BURLINGTON, Vt. (AP) Lawyers for groups ranging from the American Civil Liberties Union, the Vermont Right-to-Life Committee, Rural Vermont and the National Voting Rights Institute squared off in U.S. District Court, as a legal challenge to Vermont's tough new campaign financing law has gotten under way.
The law, which went into effect in January 1998, places limits on campaign contributions and spending for statewide and legislative candidates. The law offers public financing to candidates for governor and lieutenant governor. The law also targets so-called soft money, by limiting indirect contributions and out-of-state contributions to 25 percent of a candidate's total campaign budget.
Vermont's law ''goes a long way toward protecting the integrity of the electoral process, as well as restoring public confidence in the election system,'' John Bonifiaz, executive director of the National Voting Rights Institute, said after Monday's testimony. The Boston-based public interest law firm is representing more than a dozen organizations and past and present political candidates in the suit.
The Right-to-Life Committee was the first organization to sue the state just days after the new rules were signed into law. Since then, the Vermont ACLU and the Vermont Republican Party have also joined the suit, charging the law unconstitutionally restricts candidates' and a donors' rights to free speech.
Under questioning from Mark Lopez of the ACLU, Mark Snelling said Vermont's law favors the incumbent candidate, who typically already has name-recognition among voters and a campaign organization.
''The law sentences a great number of potential candidates, in essence, to unsuccessful campaigns,'' said Snelling, who is son of and adviser to the campaigns of the late former Gov. Richard Snelling and former Lt. Gov. Barbara Snelling. ''It will be virtually impossible to compete with incumbents to effectively get a message across'' to voters.

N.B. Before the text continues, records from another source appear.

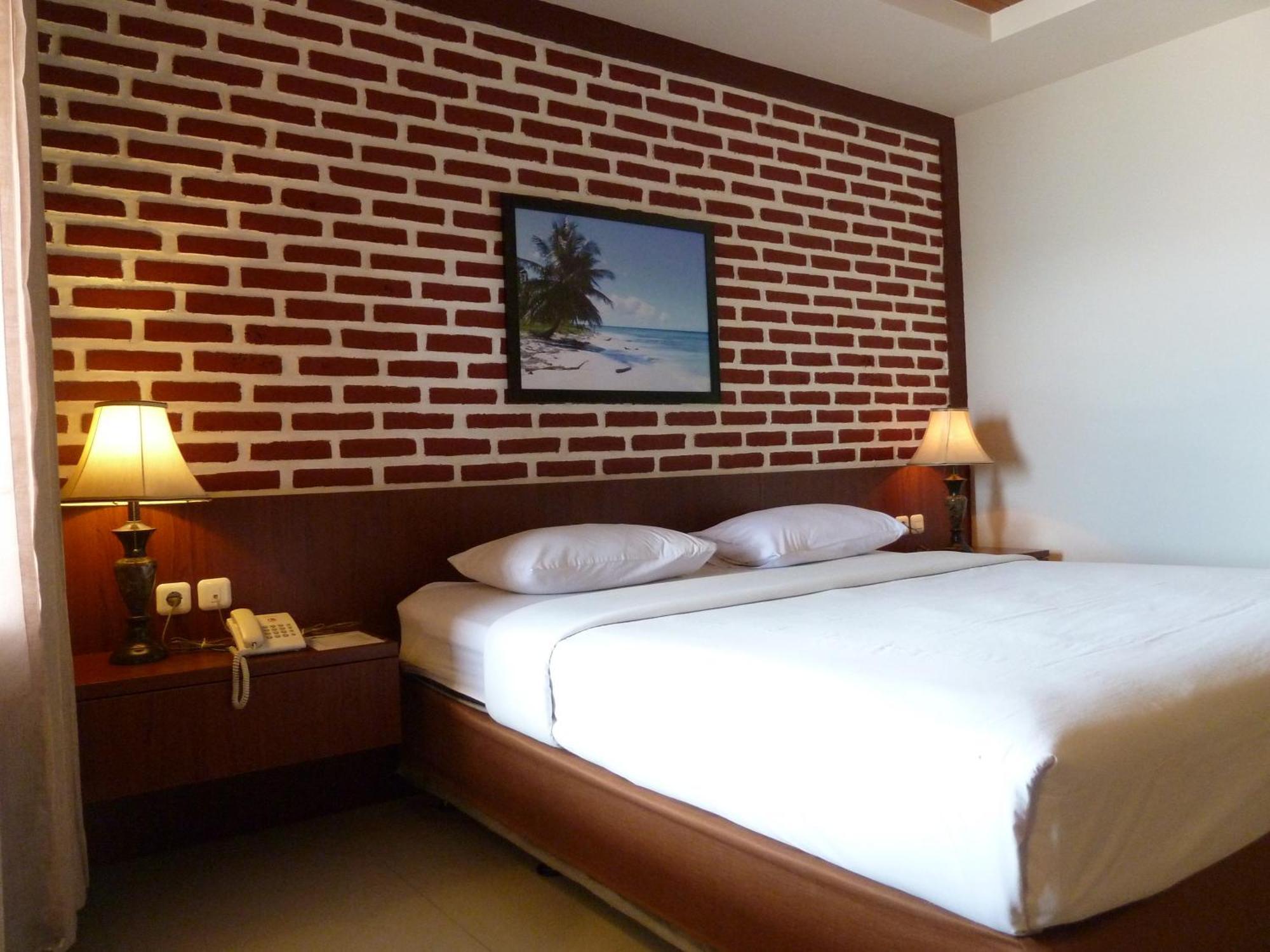 Watu Dodol Hotel & Restaurant Banyuwangi  Pokój zdjęcie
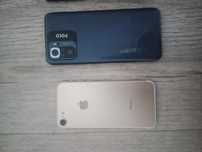 Poco m5s и IPhone 7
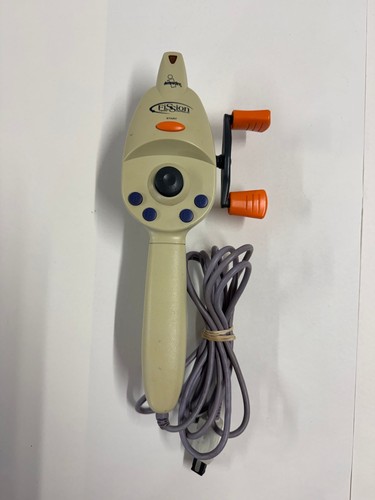 Fission wired fishing - fission,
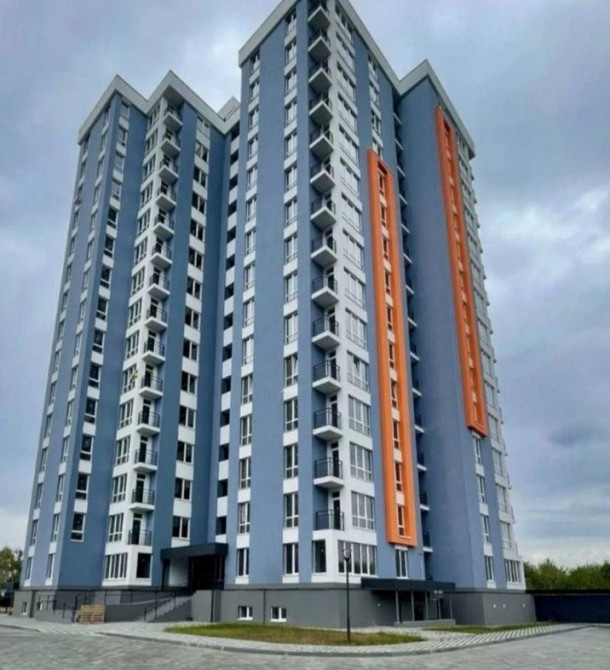 Продаж 1-но кімнатних квартир в новобудові! Белая Церковь - изображение 2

Under questioning from Assistant Attorney General Eve Jacobs-Carnahan, Snelling said that political parties would be forced to expand the pool of donors they draw on in financing political campaigns.
For that reason, the law actually makes campaigns more expensive, said Darcy Johnston, a political consultant who has worked with Republican James Jeffords' past bids for U.S. Senate. Johnston testified that candidates must spend more money in attracting new donors, who are limited to a maximum contribution of $400 to a candidate in a statewide office in a two-year election cycle.
State GOP chairman Patrick Garahan testified that the law was too broad, and even contradictory, in its interpretation of a ''single source'' for political donations. Not only would the state Republican Party be forced to reorganize under the law, he said, but in doing so, the party would then be in violation of the existing laws governing organization of political parties.
Supporters of the law said they actually welcome the court challenge. The strategy, they said, is that ultimately, as one or the other side appeals the federal court decision, the U.S. Supreme Court will hear the case, and revisit the campaign finance issue.
It was the court's 1976 Buckley vs. Valeo ruling, which struck down many states' restrictions on campaign spending as unconstitutional.
At least three of the declared candidates for governor incumbent Democrat Howard Dean, Republican William Meub and Progressive Anthony Pollina have said they will accept the new law's public financing, which sets a $300,000 spending cap for challengers and $255,000 for an incumbent. Republican Ruth Dwyer said she will not accept public financing.
Nearly two dozen witnesses, including politicians, economists and campaign strategists, will testify in the trial, which is expected to last at least through May 19.